1.  Quanto sei stato in Kuwait?

20 giorni in Kuwait e 4 a Dubai.

2. Cosa ti aspettavi di trovare e cosa hai trovato?

Mi aspettavo di trovare quello che poi ho visto: il bello e il brutto, il moderno e il vecchio, lo sporco e il pulito, tutto che va a braccetto, convivendo senza una separazione netta… gli estremi che si toccano… un paese Arabo.

3.  La cosa che ti ha colpito di più appena arrivato e la cosa che ti ha colpito per tutto il viaggio.

La cosa che mi ha colpito di più appena arrivato è stata la sensazione di essere veramente fuori dal mio mondo vissuto, una bella botta anche solo per gli sguardi della gente… Durante tutto il viaggio venivo colpito, attratto per curiosità e a volte intimorito da tutto… anche solo da una strada che non sapevo dove mi portasse… dall’assenza di natura come  la intendiamo noi, in fondo è un paese desertico…ma sopratutto da una cosa strana che accomuna forse tutti gli umani, “LE ORIGINI”, nonostante il Kuwait sia diventato un paese ricc, ho notato che i kuwaitiani  pur potendo permettersi ville immense e comfort non abbandonano la loro indole di vivere nel deserto in accampamenti… (anche se solo per pochi periodi dell’anno)… ho visto tende abitate nei posti più assurdi .
Questo non staccarsi dalle origini è una cosa bella…



4. Era il tuo primo viaggio in Medio Oriente? Torneresti? Dove?

È stato il mio primo viaggio in Medio Oriente… ci tornerei eccome… Saudi Arabia, Iran, Oman, Yemen, Lebanon.

5.  Il posto più bello che hai visto durante il viaggio?

È dura fare una classifica, ma penso che sia il souq, indescrivibile per me a parole, perchè è un insieme di colori, profumi, odori, visi… e finalmente è un luogo arabo… considerato che provenivo da Dubai dove oramai gli arabi in giro si contano sulle dita di una mano… il primo giorno che ci sono stato ero praticamente l’unico occidentale nei paraggi… a differenza di Dubai dove un arabo sarebbe stato visto come specie protetta… Non posso però dimenticare  nemmeno il viaggio per arrivare sul confine iracheno… quella sensazione di guerra che c’era nell’aria. Anche se passati ormai parecchi anni, aleggiava comunque… gli edifici bombardati e lasciati decadere sprigionavano una memoria di guerra…

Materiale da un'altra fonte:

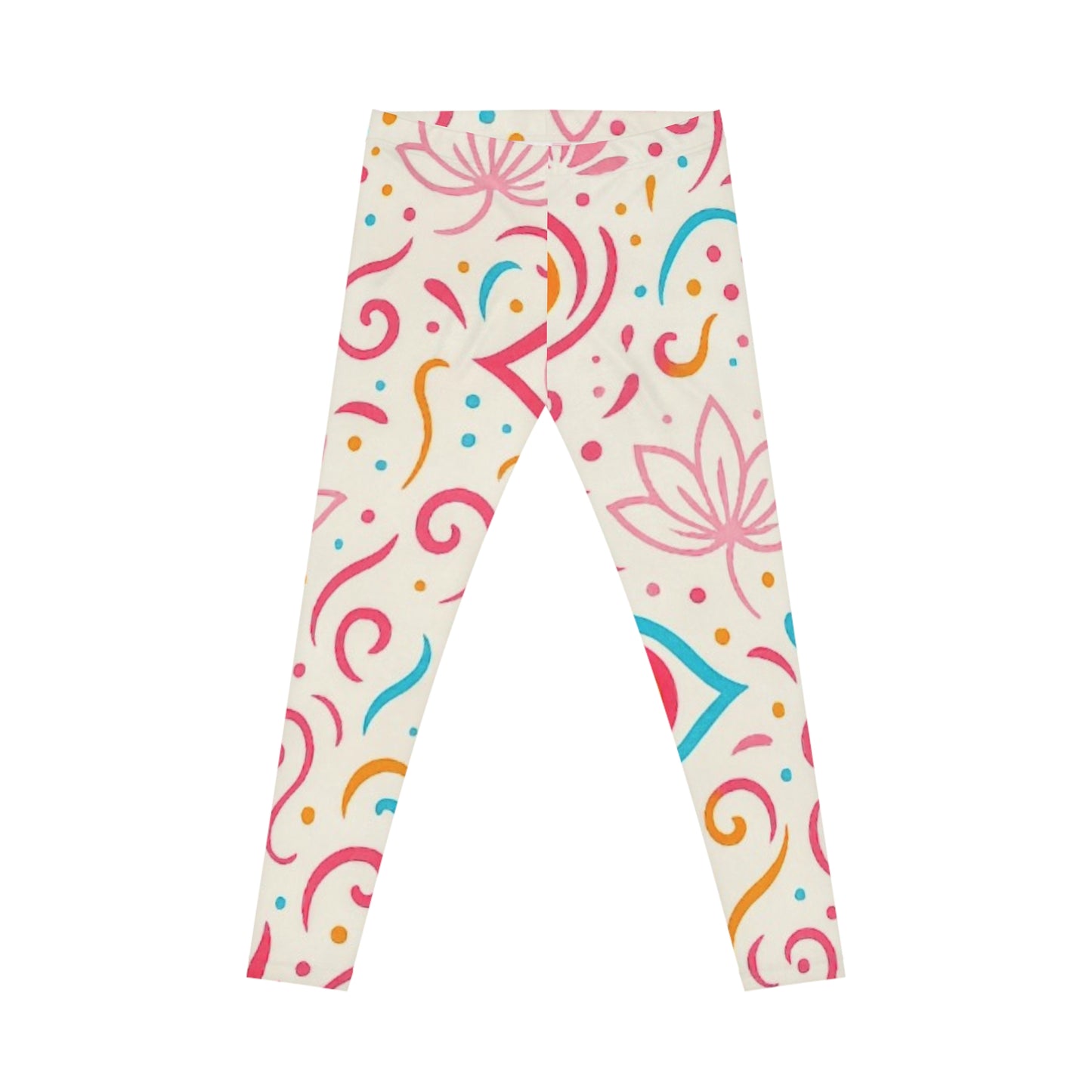 Lotus Bloom Collection. Women's Leggings, Stylish Activewear for Yoga, Casual Outfits, Gifts for Her, Trendy Workout Pants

6.  Hai mai pensato di trasferirti a vivere in Kuwait?

Ci ho pensato… fino al punto di trasferirmi in Qatar!

7. Cosa ti porteresti dall’Italia?

Bella domanda… una risposta non la trovo… di sicuro qualcosa da mangiare… per via delle mie abitudini culinarie… ma in fondo porto tutto quello che sono!

8.  Hai fatto shopping?

Sì, sì… avevo un compagno di viaggio che mi ha fatto spendere assai! …Immancabili sono stati gli acquisti di artigianato locale… Ma la cosa più simpatica è stata l’acquisto di un barattolo di curry… eravamo alla frontiera con l’Iraq, sono entrato in questo negozietto e ho chiesto spiegazioni al vecchietto che vendeva i barattoli di curry, dato che volevo sapere la differenza tra due tipi… era evidente perchè avevano custodie e colorazione diverse… la risposta breve, incisa e precisa è stata: “one small and one big”… e io ho comprato il big, ovviamente…

9.  Per finire: un posto dove mangiare? Un bel posto da vedere?

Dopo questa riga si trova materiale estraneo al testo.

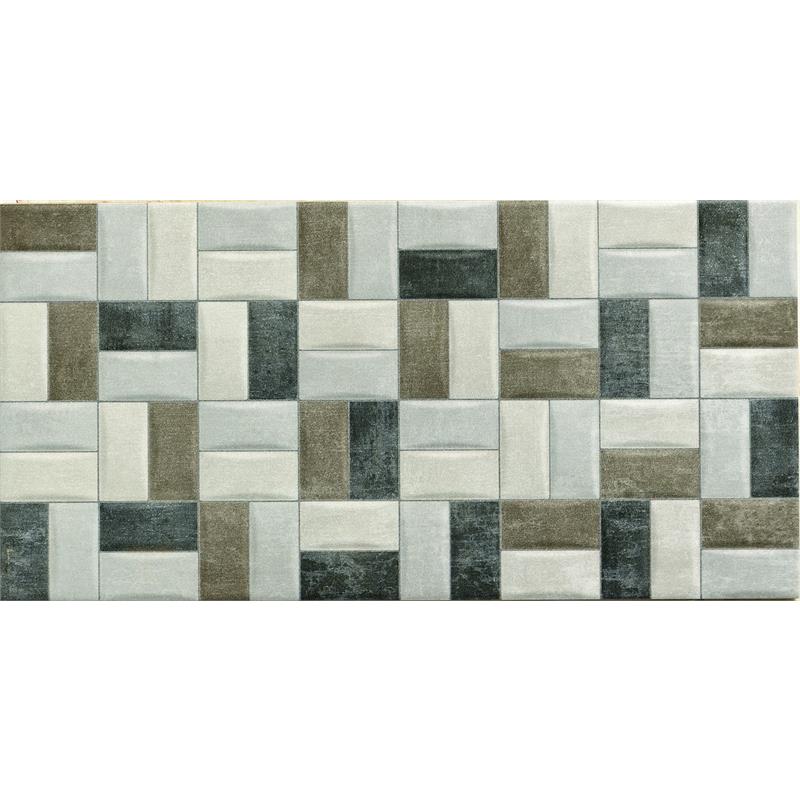Wandtegel Smart beige-grijs glans 25x50cm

Posti ce ne sono parecchi. Diciamo che adoro lo street food, il pane cotto al momento qua è fantastico… I posti che mi piacciono di più a Doha, oltre al deserto, sono i quartieri diciamo “popolari”…dove c’è vita vissuta… e devo dire che l’edificio più bello, quello che incarna maggiormente lo stile arabo, è stranamente il Museo di Pei di arte islamica… ma non ho ancora visitato tutta la città, quindi il mio giudizio è in sospeso.




Simone Astrico è architetto per scelta, curioso per passione e viaggiatore per occasione.